The system developed in this work follows this general trend but targets a specific perception-to-action link. A YOLOv11-based model is trained on depth-coded images to detect V-shaped folds on the textile surface. The detector produces bounding boxes with confidence scores, and the highest-confidence fold region is selected as a candidate for manipulation. Around this region, a depth-gradient-based method evaluates a set of compass-aligned directions and ranks them according to how well they follow the local fold geometry. The robot then executes a grasp-and-pull along the selected direction. In contrast to methods that use learning only to label folds or keypoints [37,40], this combination of detection and geometric direction estimation is tightly integrated into a three-stage unfolding policy whose end goal is a flat, recycling-ready textile. Taken together, these design choices position the proposed system as a recycling-oriented textile unfolding pipeline that combines depth-error-aware perception, staged dual-arm manipulation, and fold-specific perception-to-action coupling within a single framework.

3. System Overview

The system is designed to support automated preprocessing in textile recycling, where reliable unfolding is needed to expose embedded hard components before cutting. To achieve this, the setup combines three main subsystems: (i) an RGB–LiDAR perception module for spatial awareness and textile segmentation, (ii) a dual-arm robotic manipulation framework for grasping and lifting, and (iii) an AI module based on a YOLOv11 model for detecting and resolving residual folds. An overview of the dual-arm setup and workspace is shown in Figure 1. Typical textile configurations during unfolding are illustrated in Figure 2, and the high-level control flow of the unfolding process is summarised in Figure 3.

3.1. Hardware Setup

The physical setup consists of two Interbotix WidowX 250s 6-DOF robotic arms positioned on either side of a central workbench, as shown in Figure 1. The arms were chosen for their compatibility with the ROS 2 (Open Robotics, San Jose, CA, USA) framework and the Interbotix ROS packages (Trossen Robotics, Downers Grove, IL, USA), which allow straightforward integration with Python-based perception and control modules. Each arm is mounted on a 3D-printed platform that holds an AprilTag, used to estimate the pose of the robot bases relative to the camera and to maintain a consistent coordinate system throughout experiments.

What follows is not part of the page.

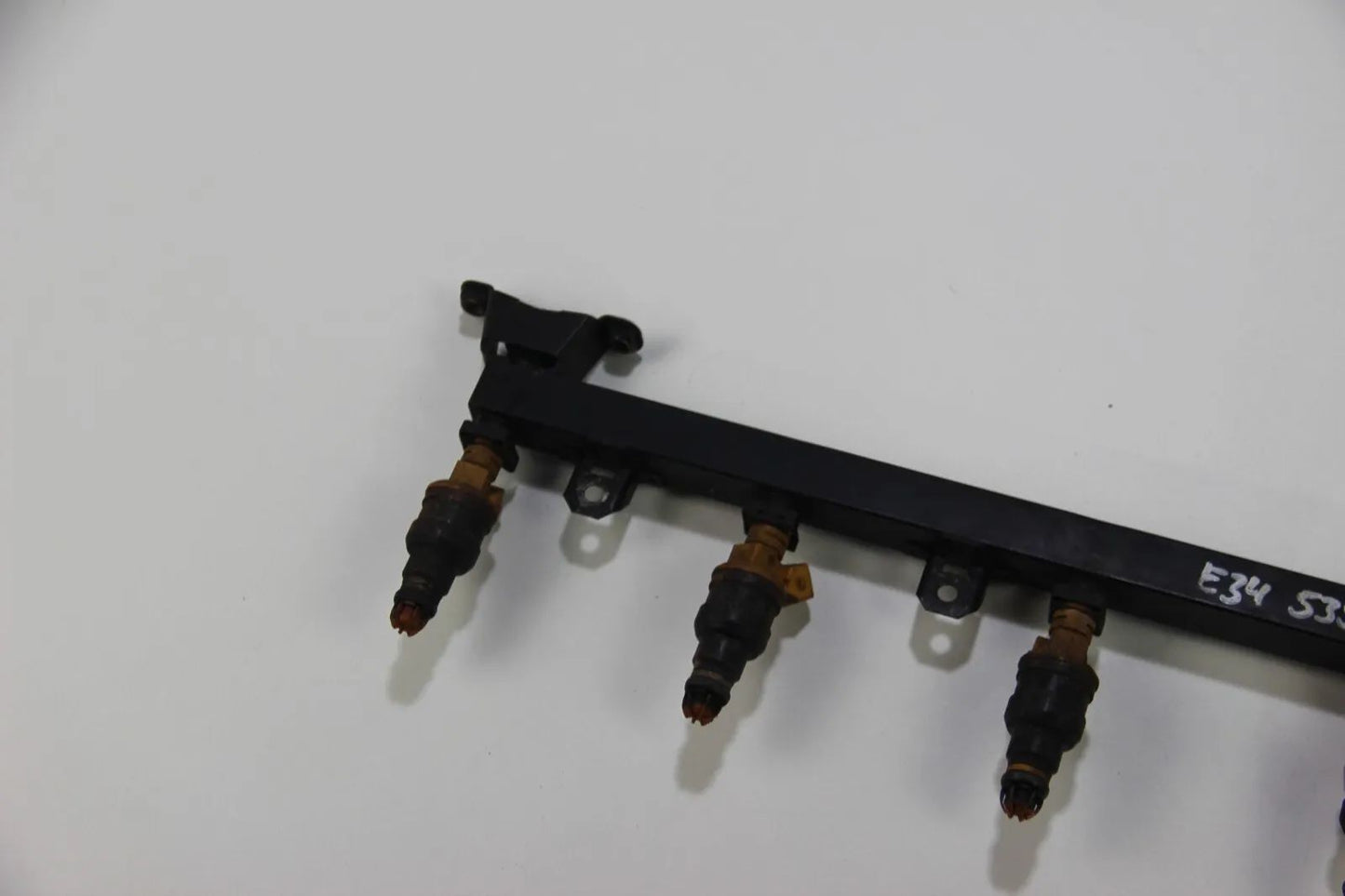 Original BMW E34 535i Einspritzleiste Fuelrail mit Injektoren Benzin OEM 5er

A centrally mounted Intel RealSense L515 LiDAR camera (Intel Corporation, Santa Clara, CA, USA) provides synchronised RGB and depth data from an overhead viewpoint. From this position, the camera captures high-resolution depth maps of the entire workspace, which are used for surface analysis, textile segmentation, grasp point estimation, and fold detection. The L515 was selected due to its compact form factor, millimetre-scale depth accuracy at the operating range used in the experiments, and robust performance under typical indoor lighting conditions. Its LiDAR-based depth sensing and tight alignment between colour and depth channels make it well suited for tasks that require precise 3D localisation on textile surfaces.

The system is controlled via a ROS 2-based software interface implemented in Python 3.8 (Python Software Foundation, Wilmington, DE, USA). The software is organised into several concurrently running components responsible for camera handling, perception, coordinate frame management, robot control, state machine execution, and AI model inference. When the system is launched, it automatically initialises the depth camera, both robot arms, AprilTag-based pose tracking, and the internal process controller. A simple graphical interface provides real-time feedback, including camera images, detected contours, grasp points, and current system state.

Before use, the system performs calibration steps to improve spatial accuracy. The factory intrinsic parameters of the RealSense L515 can be used directly, but checkerboard-based calibration is available when higher precision is required. Extrinsic calibration between the camera and the robot frames is carried out using AprilTags, and a depth error model is constructed by sampling depth measurements across the table and comparing them with ground-truth positions in the robot coordinate frame. The resulting correction surface is applied to all depth data used for grasp planning and fold analysis, improving geometric consistency and reducing systematic height errors.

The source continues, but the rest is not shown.